Project Description
Our clients have a strong affinity with Scandinavia – Mrs. Penman is Swedish. Their children are being brought up bilingually.
Buying their first house together in Blackhall made a lot of sense with a family on the horizon. While the houses can be a little cramped, there is always room for expansion. This 68m², semidetached, single-storey house is very typical of the suburban housing in this and many other areas of Edinburgh. This house has the benefit of a 50-metre-long back garden, providing the setting for a dramatic addition as a light-filled space for a young family to grow up in. At briefing stage, their storyboard leaned heavily on contemporary Scandinavian architecture, involving the creation of a new cooking, dining and living room space and a first-floor bedroom suite.
The form of the extension was designed to catch the sunlight from early morning and throughout the day and finally to reflect the last of the evening sun down into the double-storey living space off the vast sloping ceiling plane. The extension and development of the attic space more than double the floor area of the house – all on a very tight budget.

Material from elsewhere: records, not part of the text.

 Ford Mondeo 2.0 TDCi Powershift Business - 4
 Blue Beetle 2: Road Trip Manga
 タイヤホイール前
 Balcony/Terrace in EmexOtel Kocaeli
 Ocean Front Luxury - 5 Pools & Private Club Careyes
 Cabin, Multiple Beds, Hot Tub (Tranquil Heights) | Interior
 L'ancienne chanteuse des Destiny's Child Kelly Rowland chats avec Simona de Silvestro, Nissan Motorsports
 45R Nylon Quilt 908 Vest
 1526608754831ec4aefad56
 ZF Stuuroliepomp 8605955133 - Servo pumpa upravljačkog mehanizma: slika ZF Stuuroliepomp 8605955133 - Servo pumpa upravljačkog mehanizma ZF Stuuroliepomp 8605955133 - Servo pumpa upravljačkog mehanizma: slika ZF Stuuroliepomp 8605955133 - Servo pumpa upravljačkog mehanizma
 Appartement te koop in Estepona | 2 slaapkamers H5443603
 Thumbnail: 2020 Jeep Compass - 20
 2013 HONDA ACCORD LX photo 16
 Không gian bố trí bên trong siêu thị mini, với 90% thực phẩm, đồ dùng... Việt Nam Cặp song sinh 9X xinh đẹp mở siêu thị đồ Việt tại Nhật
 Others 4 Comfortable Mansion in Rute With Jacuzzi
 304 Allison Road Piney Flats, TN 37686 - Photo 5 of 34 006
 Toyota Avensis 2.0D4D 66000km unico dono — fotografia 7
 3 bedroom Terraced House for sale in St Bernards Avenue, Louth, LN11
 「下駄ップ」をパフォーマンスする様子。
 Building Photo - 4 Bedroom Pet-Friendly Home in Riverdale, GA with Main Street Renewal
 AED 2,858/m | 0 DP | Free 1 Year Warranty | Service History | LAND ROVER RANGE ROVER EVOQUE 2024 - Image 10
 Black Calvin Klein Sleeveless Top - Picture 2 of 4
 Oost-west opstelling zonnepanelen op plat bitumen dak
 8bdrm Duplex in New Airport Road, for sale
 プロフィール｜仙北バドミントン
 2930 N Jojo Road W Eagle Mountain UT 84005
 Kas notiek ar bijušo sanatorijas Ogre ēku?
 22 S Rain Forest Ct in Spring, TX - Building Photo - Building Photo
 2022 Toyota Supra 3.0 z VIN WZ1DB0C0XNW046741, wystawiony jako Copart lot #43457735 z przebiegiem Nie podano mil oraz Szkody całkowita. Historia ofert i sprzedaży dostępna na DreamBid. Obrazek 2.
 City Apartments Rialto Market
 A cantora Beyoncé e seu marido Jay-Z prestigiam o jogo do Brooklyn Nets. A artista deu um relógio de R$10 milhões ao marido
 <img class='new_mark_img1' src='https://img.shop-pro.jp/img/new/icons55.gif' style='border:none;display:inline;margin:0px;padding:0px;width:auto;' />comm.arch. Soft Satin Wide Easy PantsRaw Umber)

Initially conceived with a wrapping of zinc, cost considerations forced a change to reclaimed natural slate and thermally modified timber cladding for the roof and walls. A minimal steel frame adds solidity to the structure, allowing large areas of glazing and cantilevered flooring out into the garden. Careful reconsideration of the geometry allowed 30% of the initial steel structure to be cut out to save further costs.
The large volumes of the project had to be dynamically modelled to satisfy planning policies. The angles give order and control to the layout, while opening up key views from the entrance door through the living space and down the length of the rear garden. The soaring, 5.1-metre-tall, frameless, glazed apex corner cantilevers out over the garden, giving a lightness to the volume. The extension is invisible from the street side of this semi-detached house, but explodes out of the rear façade totally unexpectedly. The slate-covered roof and timber-clad north wall shield family life from the elements and neighbouring properties. The expanse of glass welcomes in the sunlight and reveals views over the large garden towards the wooded slopes of Corstorphine Hill.